• _Given information_
⁂
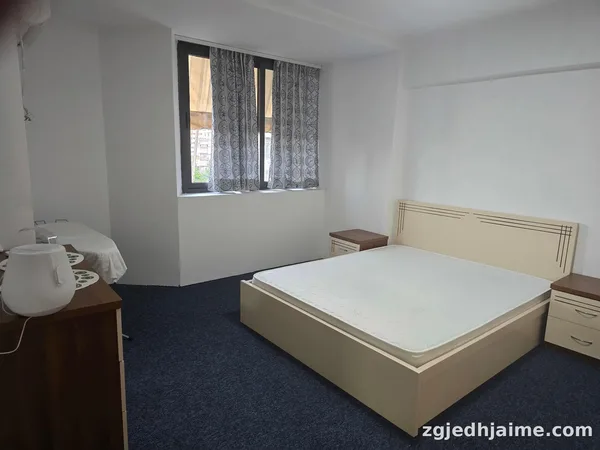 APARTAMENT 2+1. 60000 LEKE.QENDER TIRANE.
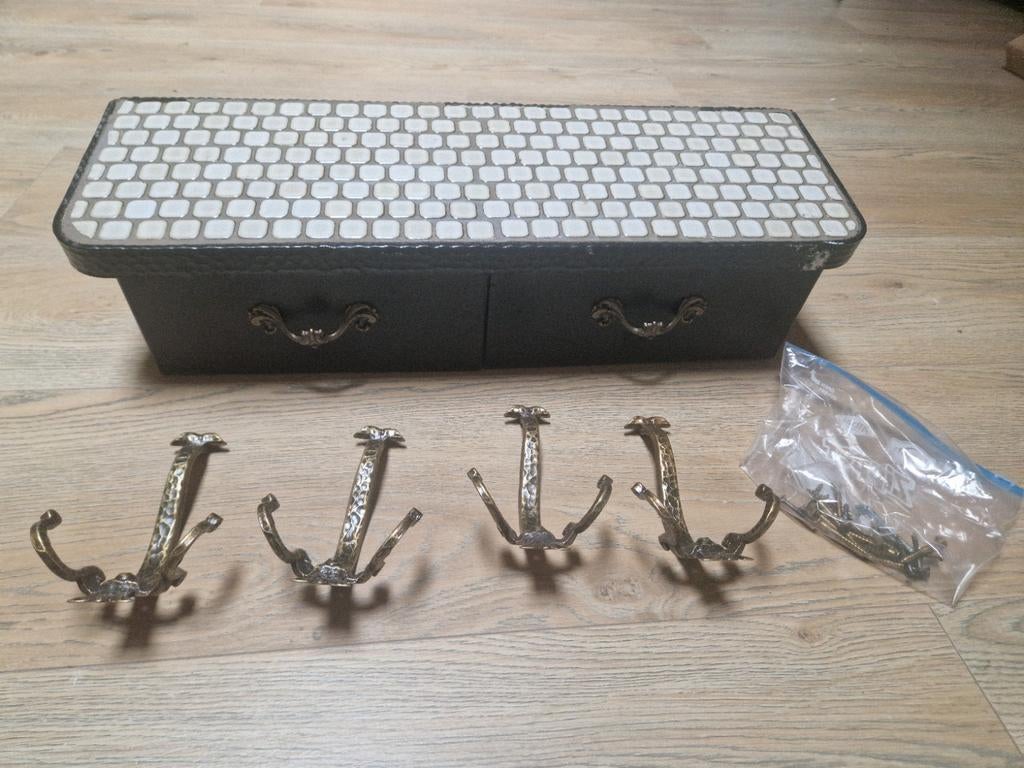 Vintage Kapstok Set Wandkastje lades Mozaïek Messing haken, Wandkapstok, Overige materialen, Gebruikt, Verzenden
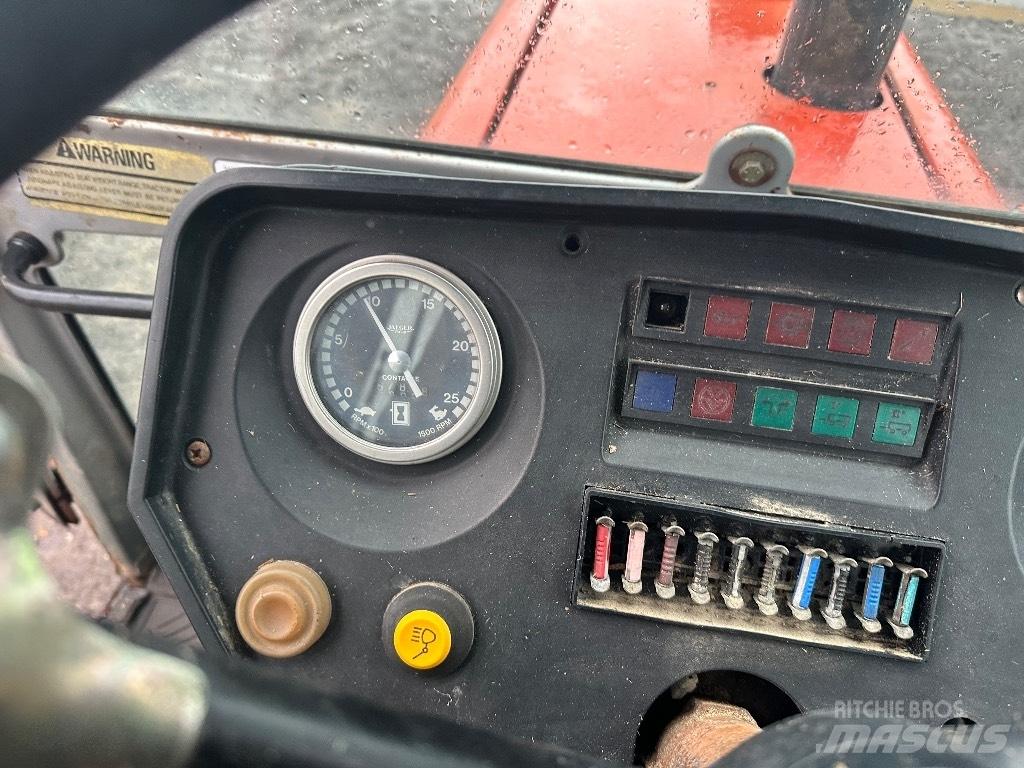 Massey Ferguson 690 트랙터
⁂
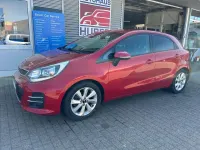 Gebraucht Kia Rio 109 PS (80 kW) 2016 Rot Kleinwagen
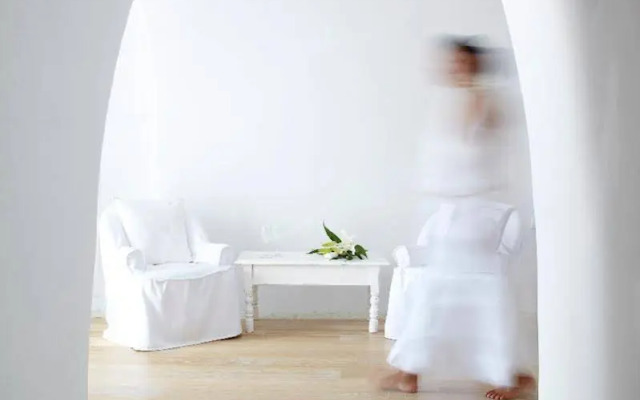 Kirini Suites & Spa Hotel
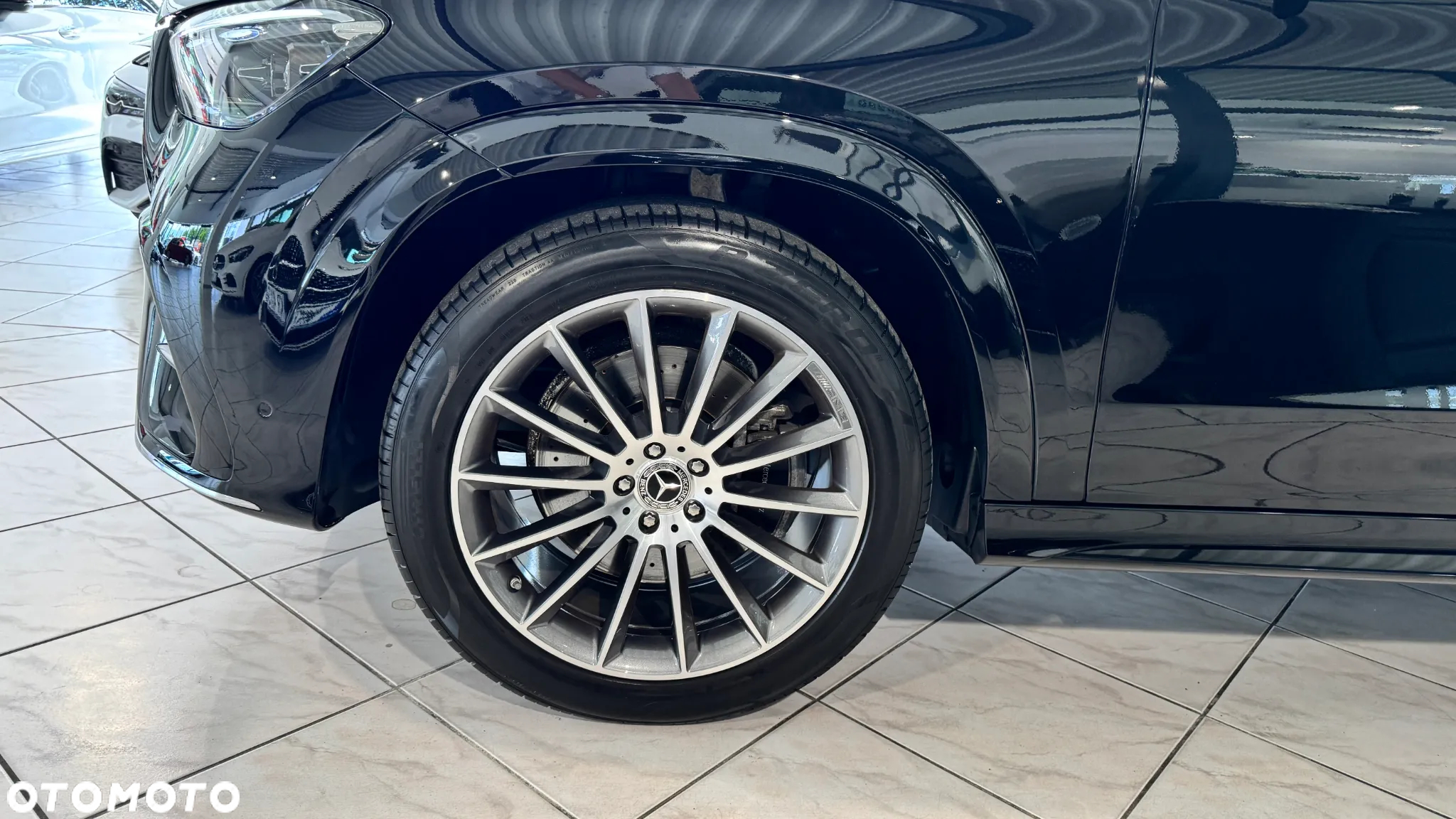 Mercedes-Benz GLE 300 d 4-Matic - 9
⁂
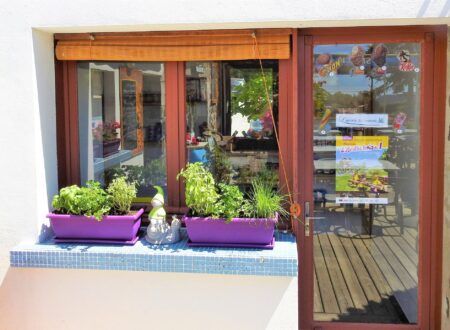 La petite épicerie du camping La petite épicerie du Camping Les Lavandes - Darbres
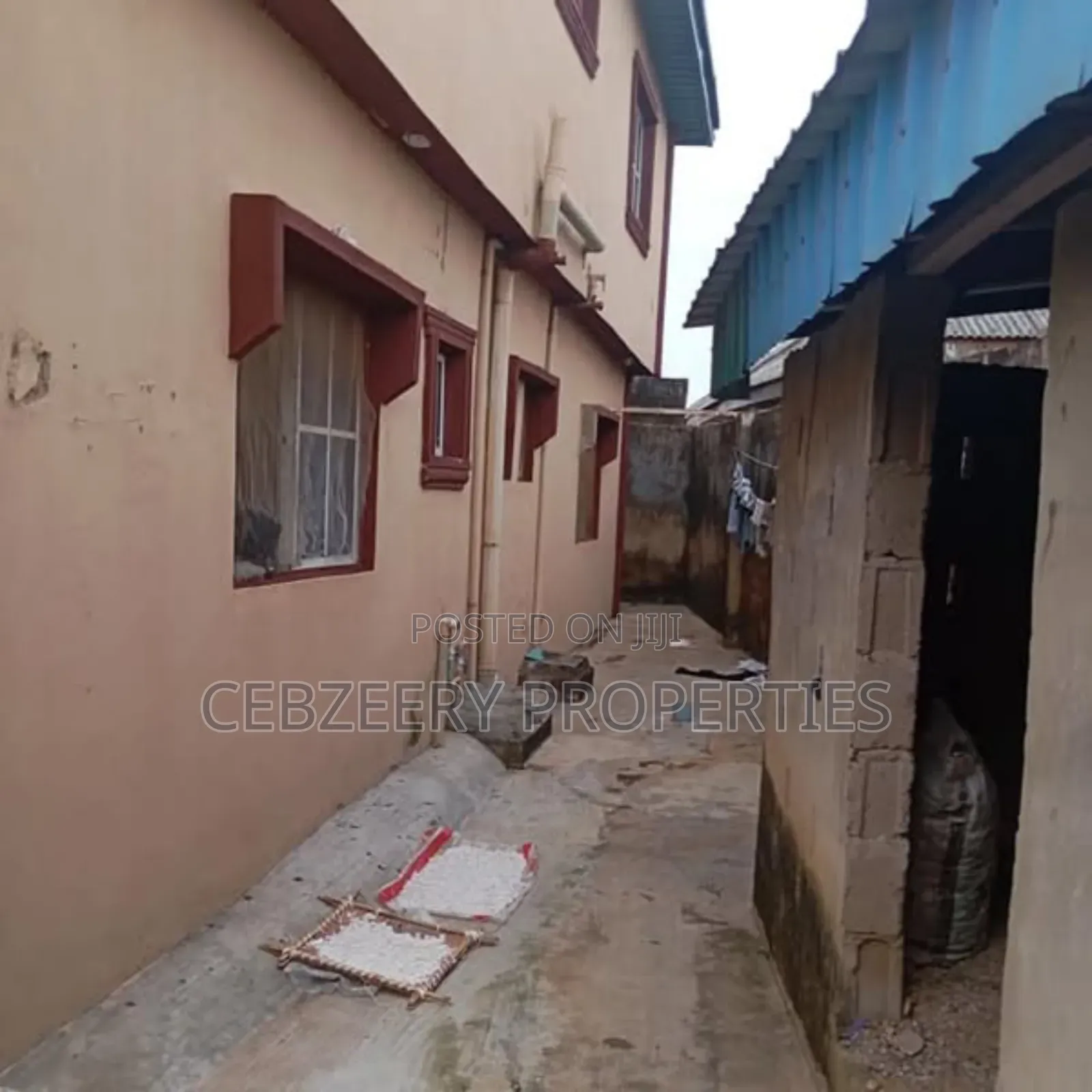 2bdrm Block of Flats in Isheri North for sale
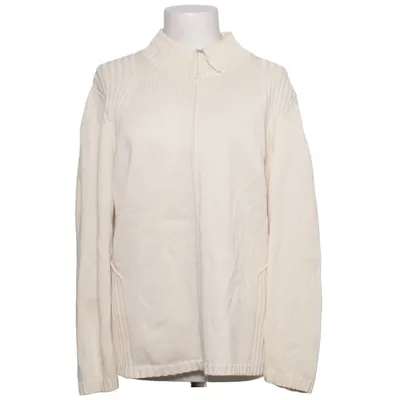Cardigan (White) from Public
⁂
• _Task_
Copy the lines above exactly, starting with the line that contains "Gebraucht Kia Rio" and ending with the line that contains "Mercedes-Benz GLE 300 d 4-Matic - 9", and leave out any pictures.

• _Output of the exercise_
 Gebraucht Kia Rio 109 PS (80 kW) 2016 Rot Kleinwagen
 Kirini Suites & Spa Hotel
 Mercedes-Benz GLE 300 d 4-Matic - 9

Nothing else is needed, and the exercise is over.